Soundlessly, Harry Apparated into an unoccupied corner of the room, partly shielded by an open French door to the lounge. Even with the ceiling lights on, his Disillusioned form would be hard to detect, and unless somebody tried to push the door flat against the wall, thereby bumping against him, he would go unnoticed.

The murdered couple had been positioned facing each other across the dining table, each one's wrists bound to the other person's by a supple, braided cord, so that, even in death, they had not slumped completely to the floor, but remained supported by each other's weight. A single narrow-handled, thin-bladed knife protruded from the woman's back; a small bloodstain on the man's shirt surrounded the first knife's twin.

"The signature?" asked Sherlock.

"Both of them," nodded the handsome man. "A hundred-dollar bill, American, in each of their mouths. Just like the other murders."

From his corner, Harry watched as Sherlock sprang into action, examining the bodies, the cords binding them together, the knives, the rug, the table, the chairs, the windowsill - everything, really.

"How did the murderer get in?"

"Uncertain," the handsome man admitted unhappily, running his fingers through his salt-and-pepper hair. "The neighbor used her key when nobody answered the bell. She routinely watered plants and picked up mail when the deceased couple traveled, which was frequently, so she kept a key to the house. We found no sign of forced entry. The chain was on the back door as well as the front. The neighbor says these two normally kept both chains on whenever they were in the house. I suppose it's always possible that the owners let the murderer in themselves, though I don't think it likely."

"If the chains were on, how did the neighbor get in?"
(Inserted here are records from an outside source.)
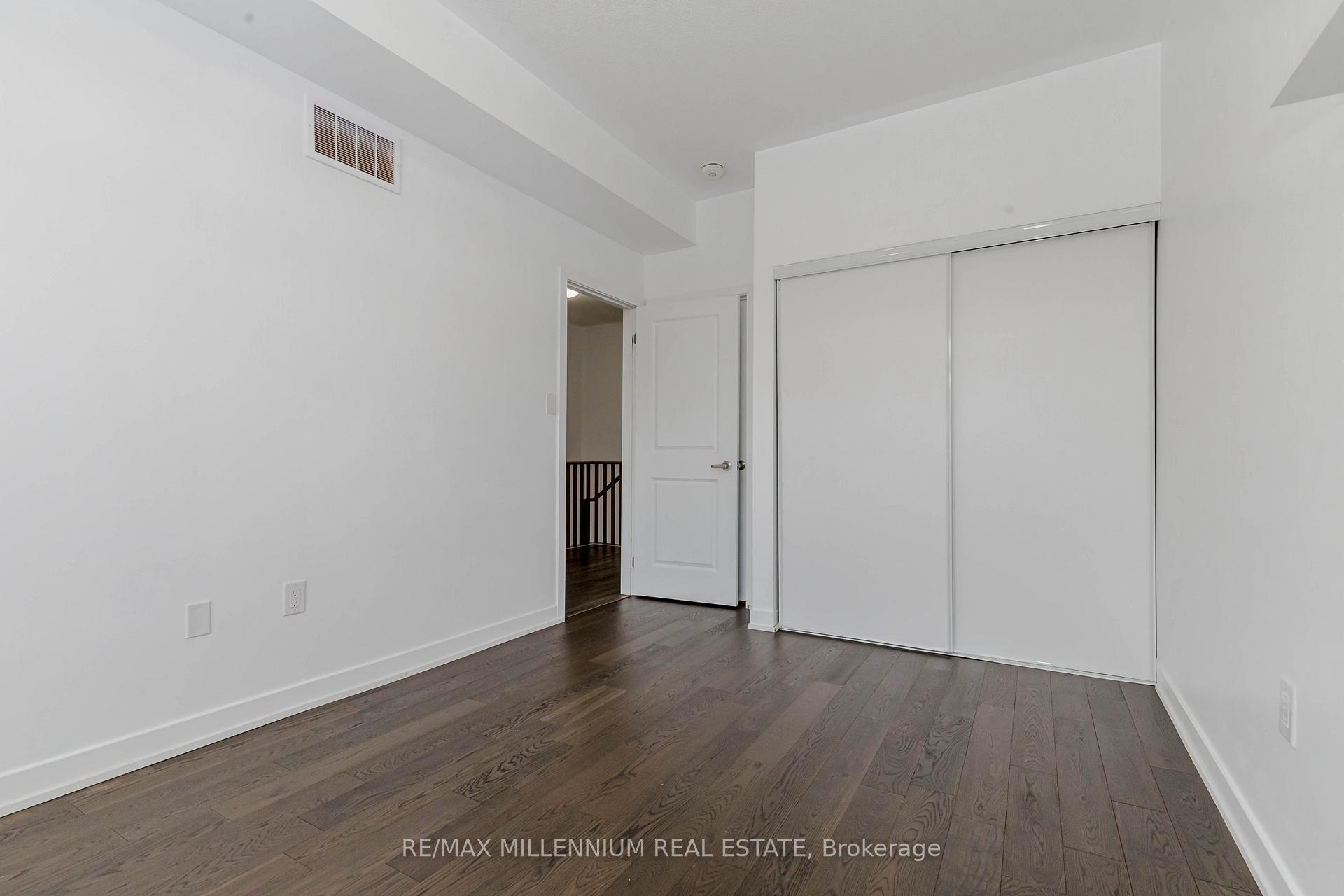Photo 37 of 6 Lochlin Street, Vaughan, Vaughan Grove — HOMEH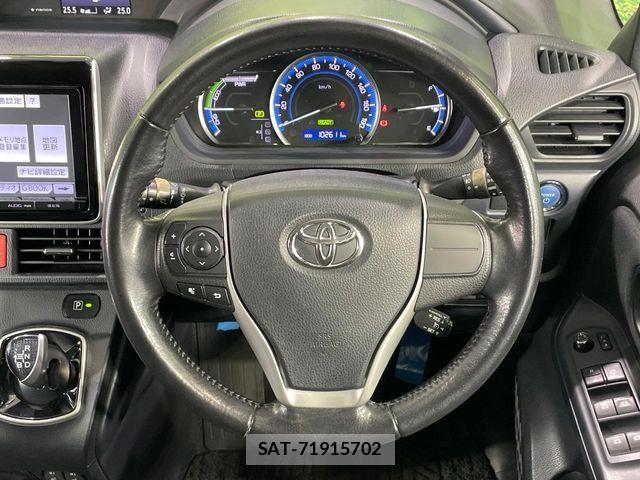Toyota VOXY HYBRID 2014-03 8686918-11
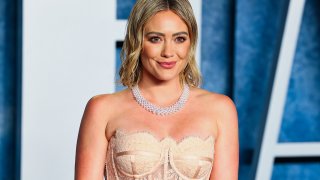 Hilary Duff attends the 2023 Vanity Fair Oscar Party.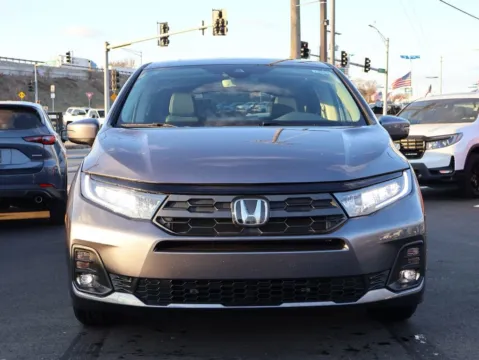 Photos of 2026 Honda Odyssey EX-L for sale in Kansas City, MO at Jay Wolfe Honda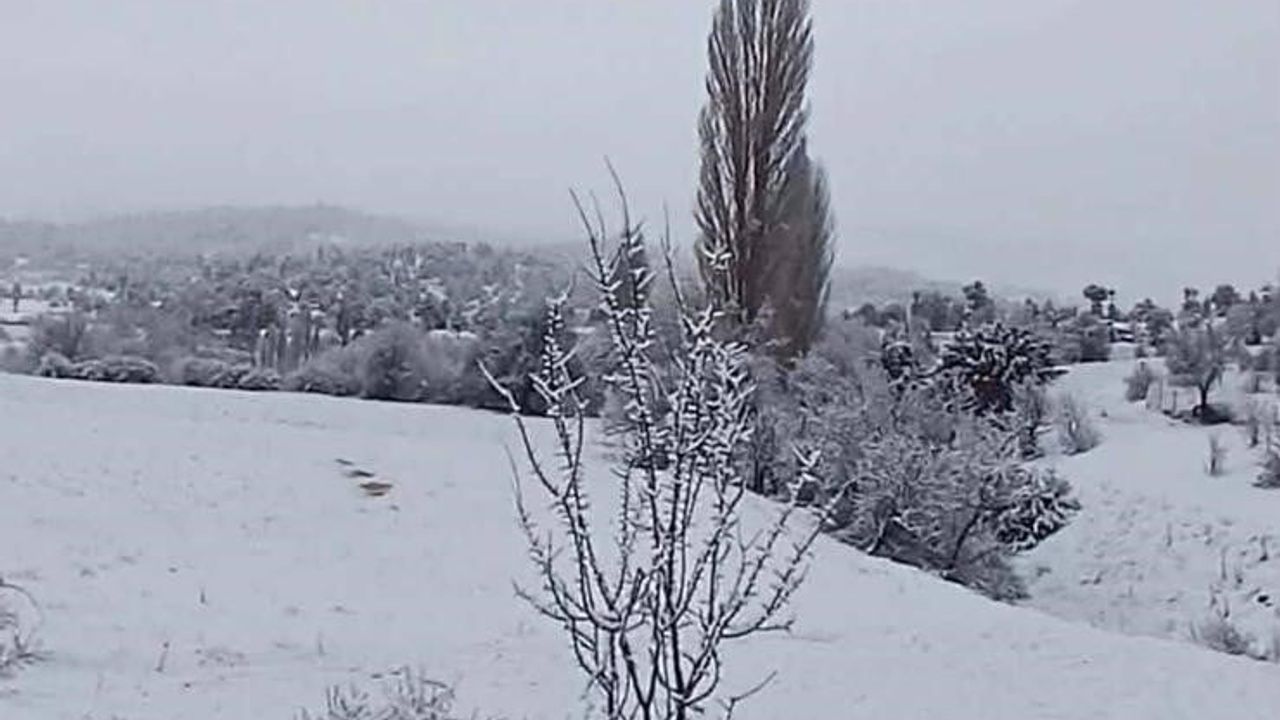 Burdur'da Gölhisar'ın Yüksek Kesimlerinde Kar Yağışı Etkili Oldu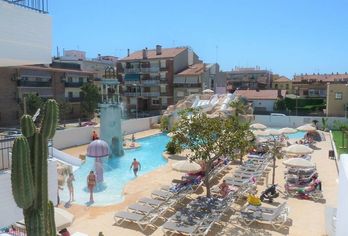 FERGUS Club Pineda Splash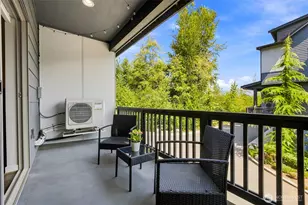 1946 Newport Way NW, Issaquah, WA 98027 - Photo 9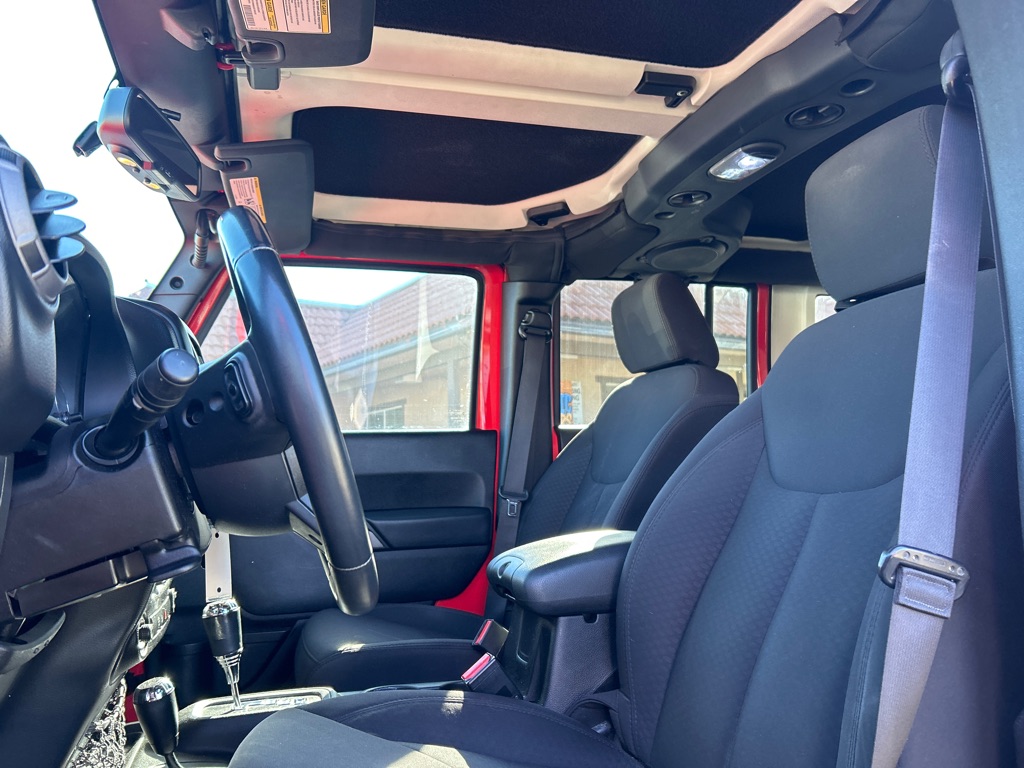 JEEP WRANGLER UNLIMI 2013 JEEP WRANGLER UNLIMI 1C4BJWDG2DL682254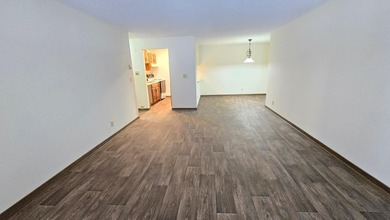Welcome to the highly coveted Willow Grove Community. This 1 - photo 4
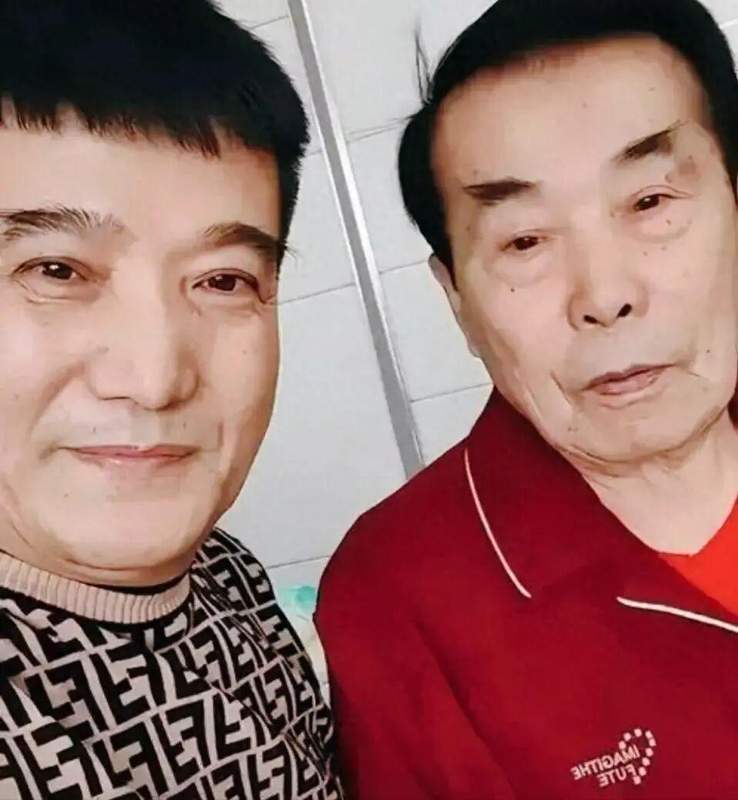 从《卖拐》到直播带货：何庆魁的创作哲学与现实困境深度解析
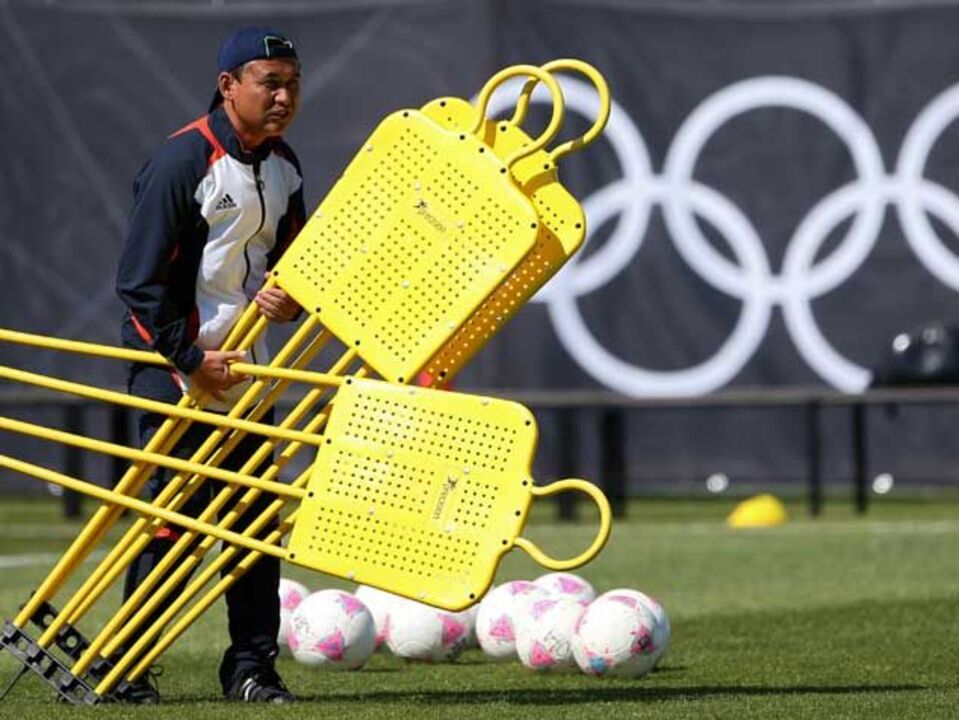 FIFA "iliba" selecionador feminino do Japão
"She didn't. She tried her key in both doors and hit both chains. Then, since no one had responded when she called through the doors, she tried to look through the windows. She found a slim gap in the dining room curtains and could see the couple sprawling across the table with their hands bound. That's when she called us."

Sherlock looked sideways at the handsome man. "I don't suppose there were witnesses who saw anyone coming or going?"

"We're still canvasing the neighborhood."

So far, the examination of the crime scene bore a superficial similarity to several unfortunate murders which Harry himself had processed as an Auror, and he could not imagine why the police had called in a "genius detective" to look things over.

"Anything else significant, Lestrade?"

The handsome man quirked an eyebrow at the dark detective's query. "All the windows were latched from the inside. Manual latches. Nothing automated."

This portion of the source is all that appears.